I’ve noticed, and getting increasingly frustrated with, automated mundane tasks not being performed consistently by ChatGPT. It’s like telling it to paint 1000 cans red: the first 10 cans are red, and then for some reason, it decides to paint the 11th yellow. I am encountering this problem with e.g. OCR (large number of similar files), or also coding tasks (o3 mini works a little bit better for this).
I am trying to optimise the prompts I write, and also to get ChatGPT to optimise the prompt so as to try and “force” it to avoid making mistakes. Since it painted the first 10 cans red, for sure it can do the task. I am at a point where I am not sure if the time I invest is worth it, and the monthly subscription fee feels a bit hefty to be beta-testing to be honest.
Is there some background reading, as to how to achieve consistency in results for tasks such as OCR and coding by better prompting?
There’s at least 3 general methods if you’re using the OpenAI environment online:
You could either create a GPT to do so
Or you could leverage the API to do so.
Let’s stick with 1. for the moment, because on 2. we’d definitely need to elaborate more.
So you got the following approaches possible:
a) Use a prompt to do so that asks you for a pic and extracts the data.
b) You could explicitly tell in the prompt that it should use its Python Environment.
c) You could leverage any API (if we’re in a custom GPT for example)
I assume it’s extracting from pics or should those texts be extracted from Video?

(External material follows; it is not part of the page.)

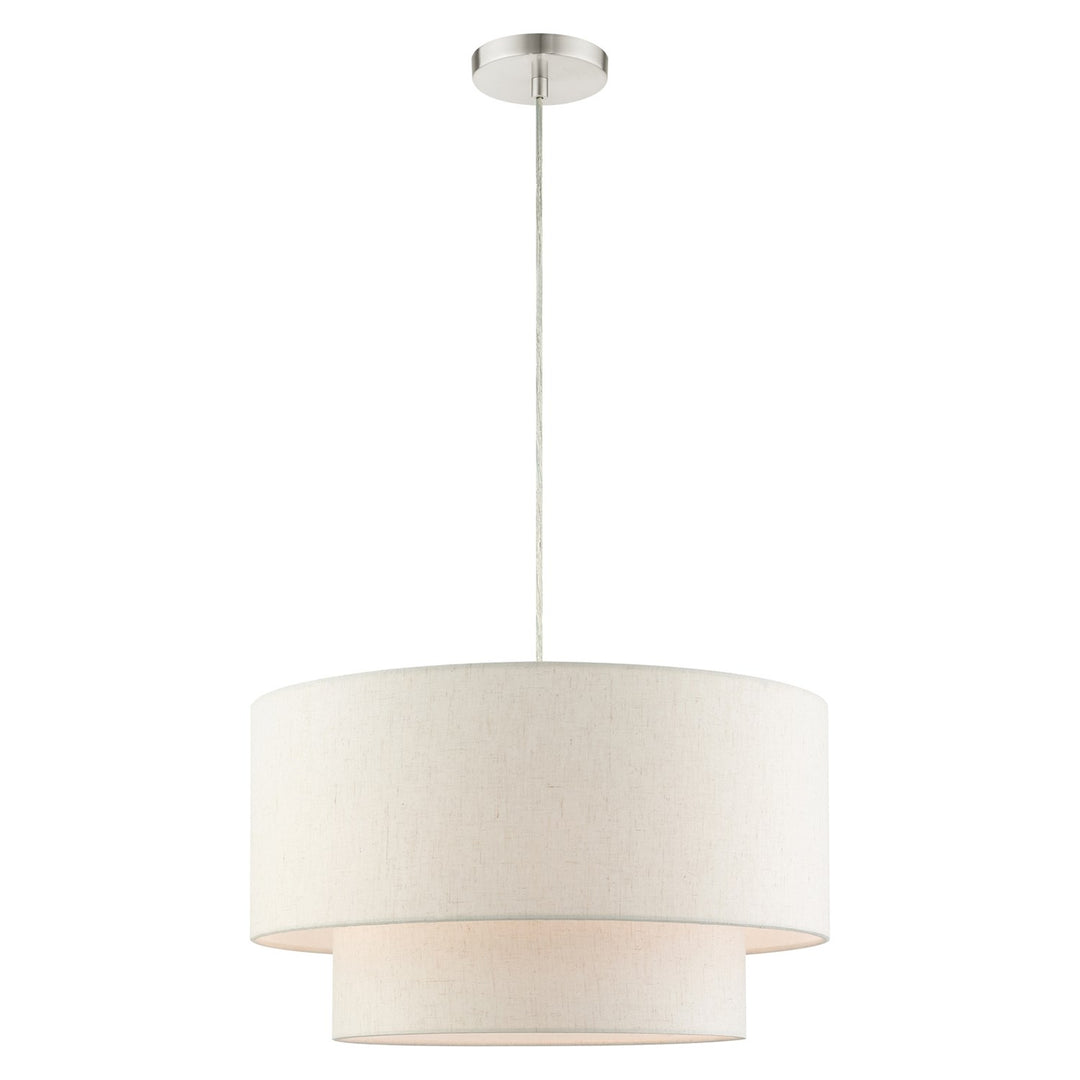 3 Light Brushed Nickel Pendant by Livex Lighting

Because then you could use EmguCV, OpenCV, or if you’re familiar with C# or any .net language you could also use AForge.net additionally.

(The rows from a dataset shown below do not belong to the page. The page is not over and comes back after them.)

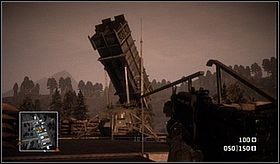 Gdy wyrzutnia legnie w gruzach, przejdź do garaży na północy obozu - Par for the Course (cz.1) | Kampania | Battlefield Bad Company - Battlefield: Bad Company - poradnik do gry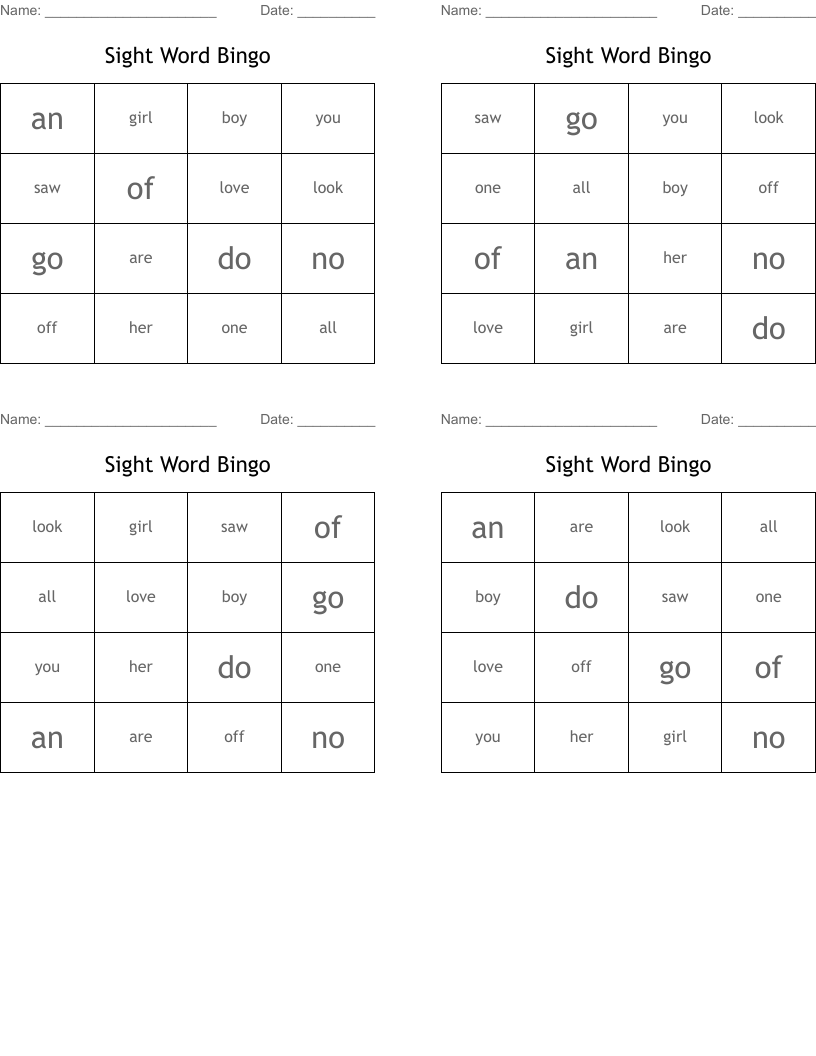 Sight Word Bingo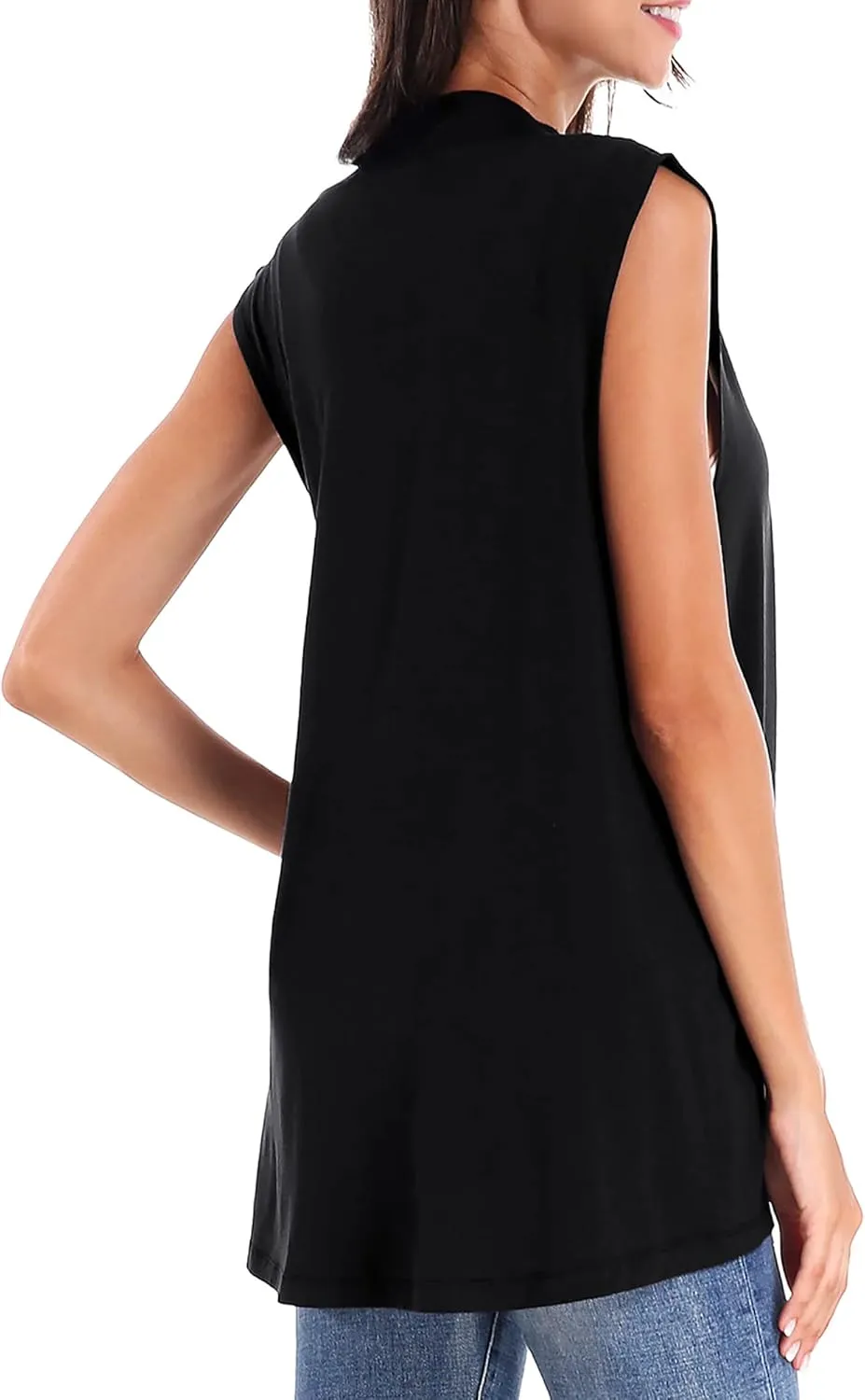 Urban CoCo Women's Sleeveless Cardigan Open Front Vest Lightweight Cool Coat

And if you wanna drive this even further:
You could use
Google Vision
Easy OCR
Train your own custom OCR Model
Search for other OCR models
and then implement the rest you need yourself as well.
GOT… General OCR Theory is trending…
aws textract… analyze expense…
There is a lot more. tried them all… trained own models (with a huge bunch of hybrid edge detection preprocesing and whatnot in OpenCV)… made synthetic data… nah… it is not as easy as you think
you can come close with some techniques… really close… but I keep that for me.
I’ve also looked at a reddit topic on the subject matter, which I am not allowed to link apparently.
It now makes sense why my first experiences with OCR were very positive, and I could not explain why all of a sudden I got bad results. OCR is another ca$h cow I guess OpenAI is the same as social media: the business model is spending time on the platform. Lure 'em in, and trap 'em
I would venture some more into building dedicated tools based on open source solutions. Training a model on OCR sounds interesting. Any training / education resources for this by any chance…? Thanks!!!
@Sjaak@hugebelts I saw this article recently where they claim Gemini Flash 2.0 works superbly well for OCR tasks.
OpenAI models will undoubtedly get much better at this. I remember my early GPT-4 Turbo Vision experience compared to now, and today it’s just so much better.